The reason for this, according to Adviser Ratings, is the Life Insurance Framework heavily reducing most advisers’ engagement in the life insurance space.
“However, a small proportion of high-performing advisers have responded by capturing a much higher share of the available new business,” the report said.
“To showcase the effect on advisers, we divided them into four segments: A, B, C, and D, based on how much new business they wrote in the preceding six months. Each segment represents a quarter of new business written, sorted by total amount per adviser. Segment A wrote the most per adviser, while segment D wrote the least. We then analysed how these groups changed over time.”
The top segment was made up of just 118 advisers, who wrote around $190,000 in new life business on average. Segment B, comprised of 362 advisers, sat closer to $60,000 in new business per adviser.
“The high-performing advisers in segment A are now writing more risk than they did in 2020, before commissions were heavily capped,” the report said.
“At the other end of the scale, segments C and D (820 and 5,099 advisers, respectively) are still participating in the market, but wrote very little in risk volume over the six-month period.”
In September 2023, Adviser Ratings reported that half of all life policies were written by 493 advisers in the six months to 30 June 2023. The other 50 per cent were written by 5,880 advisers, taking the total pool of advisers that wrote life policies to 6,373.
While the top end number has shrunk, the number of advisers writing life policies has grown slightly to 6,399.
According to Adviser Ratings, the life insurance sector is continuing to experience greater demand than advisers can service.
“The life insurance industry has been under strain for some years, and that has a number of implications, including an ongoing and widespread underinsurance issue. Last year, lapse rates jumped, as consumers contended with the rising cost of living and premium increases. It’s an undesirable scenario for insurers, advisers, and consumers,” the report said.
“Our research shows that advisers have capped out on the level of servicing they can do for risk clients, against the reality that the demand for life insurance remains strong but is not converting due to higher premiums, and individual advisers’ willingness or ability to service the clients, or the cost to place business.”
The industry and government, the research firm added, need to implement incentives for brokers and advisers to collaborate or direct incentives for customers, ensuring that consumers are “guided towards more effective and reliable insurance options that offer better value and protection”.
“The industry needs to not only overcome the immediate legacy pricing, pre-assessment, underwriting and operational issues, but become more creative in developing the psychological imperative for life insurance,” the report said.
“Most people need life insurance as one of their first financial products and it is a great runway for people to move into longer term financial advice as their needs change and evolve over time.
“This creates the ongoing and long-term economic uplift of introducing people to financial advice when they’re young; engagement with financial advice as a sector (even via other referral mechanisms or aligned industries) can improve over the long term through a strong, robust, profitable life insurance sector.”

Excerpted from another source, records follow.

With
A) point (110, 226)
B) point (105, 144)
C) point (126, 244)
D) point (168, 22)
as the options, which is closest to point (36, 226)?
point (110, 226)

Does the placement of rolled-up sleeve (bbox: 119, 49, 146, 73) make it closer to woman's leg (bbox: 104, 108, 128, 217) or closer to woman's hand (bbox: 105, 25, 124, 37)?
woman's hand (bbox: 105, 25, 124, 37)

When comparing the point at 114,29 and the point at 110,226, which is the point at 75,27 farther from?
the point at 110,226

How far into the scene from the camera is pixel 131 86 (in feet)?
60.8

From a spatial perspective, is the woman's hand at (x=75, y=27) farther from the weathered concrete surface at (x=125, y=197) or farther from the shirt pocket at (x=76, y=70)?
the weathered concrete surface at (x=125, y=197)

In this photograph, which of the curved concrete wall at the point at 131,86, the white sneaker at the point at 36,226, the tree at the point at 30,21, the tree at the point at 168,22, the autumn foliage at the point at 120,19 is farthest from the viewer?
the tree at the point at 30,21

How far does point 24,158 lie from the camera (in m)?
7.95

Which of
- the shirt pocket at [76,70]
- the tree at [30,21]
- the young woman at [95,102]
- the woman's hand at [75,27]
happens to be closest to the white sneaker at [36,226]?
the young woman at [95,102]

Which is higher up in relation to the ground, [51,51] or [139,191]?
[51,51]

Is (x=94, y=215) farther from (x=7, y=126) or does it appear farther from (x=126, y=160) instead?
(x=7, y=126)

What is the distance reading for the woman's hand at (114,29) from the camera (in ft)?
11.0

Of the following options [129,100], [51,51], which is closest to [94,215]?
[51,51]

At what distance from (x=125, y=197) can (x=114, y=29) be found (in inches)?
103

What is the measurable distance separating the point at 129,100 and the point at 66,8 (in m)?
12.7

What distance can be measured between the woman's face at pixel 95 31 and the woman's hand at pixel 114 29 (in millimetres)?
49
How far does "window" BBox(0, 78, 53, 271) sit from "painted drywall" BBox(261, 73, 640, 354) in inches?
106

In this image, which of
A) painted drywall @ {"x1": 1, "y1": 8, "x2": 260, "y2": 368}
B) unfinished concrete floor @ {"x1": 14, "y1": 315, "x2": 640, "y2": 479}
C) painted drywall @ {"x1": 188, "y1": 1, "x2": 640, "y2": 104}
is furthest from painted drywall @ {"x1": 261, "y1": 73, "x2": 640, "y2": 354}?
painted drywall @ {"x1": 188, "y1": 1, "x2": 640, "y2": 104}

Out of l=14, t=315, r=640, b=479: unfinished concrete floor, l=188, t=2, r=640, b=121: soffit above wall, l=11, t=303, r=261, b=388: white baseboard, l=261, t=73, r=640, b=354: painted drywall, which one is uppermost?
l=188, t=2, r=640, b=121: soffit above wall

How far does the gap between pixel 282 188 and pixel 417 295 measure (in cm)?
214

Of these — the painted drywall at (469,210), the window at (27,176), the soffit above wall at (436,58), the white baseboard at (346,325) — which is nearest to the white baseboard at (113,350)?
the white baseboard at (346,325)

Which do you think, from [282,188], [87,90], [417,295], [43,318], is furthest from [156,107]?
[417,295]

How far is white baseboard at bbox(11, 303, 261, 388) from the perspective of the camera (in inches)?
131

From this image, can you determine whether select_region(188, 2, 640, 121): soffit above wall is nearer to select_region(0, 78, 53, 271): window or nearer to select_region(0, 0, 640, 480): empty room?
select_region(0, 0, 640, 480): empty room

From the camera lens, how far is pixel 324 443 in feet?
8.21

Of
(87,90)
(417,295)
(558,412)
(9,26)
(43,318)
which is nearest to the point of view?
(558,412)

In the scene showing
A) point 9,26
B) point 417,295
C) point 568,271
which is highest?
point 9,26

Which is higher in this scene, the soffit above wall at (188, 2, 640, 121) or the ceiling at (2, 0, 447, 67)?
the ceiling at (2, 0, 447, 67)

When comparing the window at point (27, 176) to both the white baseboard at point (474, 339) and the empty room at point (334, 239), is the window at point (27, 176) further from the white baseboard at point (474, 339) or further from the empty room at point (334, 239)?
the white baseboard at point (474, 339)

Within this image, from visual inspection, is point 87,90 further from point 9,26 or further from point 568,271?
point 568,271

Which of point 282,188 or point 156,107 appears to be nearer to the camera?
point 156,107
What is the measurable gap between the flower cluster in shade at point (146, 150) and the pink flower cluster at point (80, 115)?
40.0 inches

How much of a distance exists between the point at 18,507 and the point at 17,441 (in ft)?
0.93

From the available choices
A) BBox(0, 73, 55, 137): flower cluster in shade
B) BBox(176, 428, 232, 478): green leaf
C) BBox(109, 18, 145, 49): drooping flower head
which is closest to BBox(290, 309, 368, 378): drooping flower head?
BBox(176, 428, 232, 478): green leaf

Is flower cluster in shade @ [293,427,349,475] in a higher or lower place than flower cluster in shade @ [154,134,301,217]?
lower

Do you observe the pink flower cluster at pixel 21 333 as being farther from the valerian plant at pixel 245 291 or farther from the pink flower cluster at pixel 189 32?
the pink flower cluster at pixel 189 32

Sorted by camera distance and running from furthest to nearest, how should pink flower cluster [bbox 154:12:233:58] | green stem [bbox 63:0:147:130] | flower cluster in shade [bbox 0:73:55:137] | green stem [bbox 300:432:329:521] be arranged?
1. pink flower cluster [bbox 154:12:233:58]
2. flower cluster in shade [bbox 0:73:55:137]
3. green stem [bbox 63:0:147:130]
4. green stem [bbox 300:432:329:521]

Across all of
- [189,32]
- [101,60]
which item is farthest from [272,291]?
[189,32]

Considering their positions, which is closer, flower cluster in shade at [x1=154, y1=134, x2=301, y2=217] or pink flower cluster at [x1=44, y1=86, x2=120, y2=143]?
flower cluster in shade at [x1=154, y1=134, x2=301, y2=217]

I wonder how much of the new business being written is switching from older generation IP products to the “post APRA intervention” IP products which are a bit cheaper and much nastier.
I could easily write lots of new business if I did that with my clients who have older IP policies and are feeling the pinch from rising premiums. But it would rarely be in the client’s best interest, and would be a huge compliance risk.
I suspect there may be some advisers who are responding to strong consumer demand for cheaper IP policies by glossing over the limitations of new generation IP products and the benefits lost in switching.
” The available new business” – You obviously don’t know much about the life insurance industry. The available new business to write in Australia has never been even closely written in any year.
Ted Carroll
who has time to write new business when you spend all your time making policy alterations for existing clients due to the insurers price gouging each year.
Approx 12 years ago, i placed a reasonably large case for directors of a professional services medical practice.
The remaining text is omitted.